Come live with me and be my love,
And we will all the pleasures prove
That Valleys, groves, hill, and fields,
Woods, or steepy mountain yields.
And we will sit upon the Rocks,
Seeing the Shepherds feed their flocks,
By shallow Rivers to whose falls
Melodious birds sing Madrigals.
And I will make thee beds of Roses
And a thousand fragrant posies,
A cap of flowers, and a kirtle
Embroidered all with leaves of Myrtle;
A gown made of the finest wool
Which from our pretty Lambs we pull;
Fair lined slippers for the cold,
With buckles of the purest gold;
A belt of straw and Ivy buds,
With Coral clasps and Amber studs:
And if these pleasures may thee move,
Come live with me, and be my love.
The Shepherds' Swains shall dance and sing
For they delight each May-morning:
If these delights thy mind may move,
Then live with me, and be my love.
After yesterday's E. E. Cummings, I was in the mood for a more traditional poem with pastoral imagery. There is not that much that is remarkable about this poem, if I am honest, but I find it to be lovely and direct. The imagery puts one in mind of a sleepy British countryside, sweeping plains, fields, sheep grazing lazily upon rolling hills, the air full of such birdsong as to be compared with madrigals.
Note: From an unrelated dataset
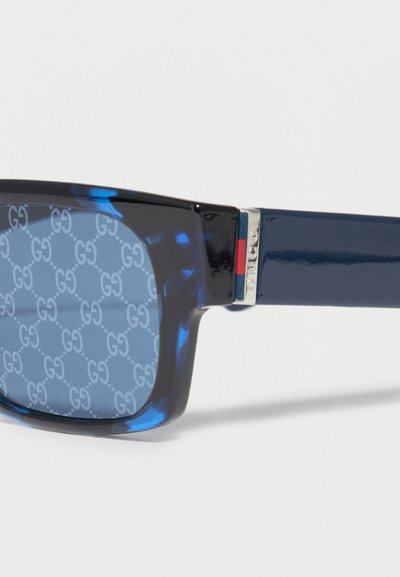 Μπλε ορθογώνια γυαλιά ηλίου με μοτίβο χελωνόσαρκας, διάκοσμο GG στους φακούς και ασημί, κόκκινες και πράσινες λεπτομέρειες στον βραχίονα του σκελετού.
A lover's profession of devotion to his lady, he promises the whole of Nature's bounty to her, a woolen gown earned of their hard work and adornments of beautiful leaves and flower buds. It is a picturesque fantasy of what their life together may be like. This rosy life is the one imagined by the speaker, of how wonderful things would be if his love would come live with him, and be his love. It's simple, direct, and romantic. Though it is an outdated mode, I think many readers even today will sigh with delight at the imagined prospect of a pastoral life with their live.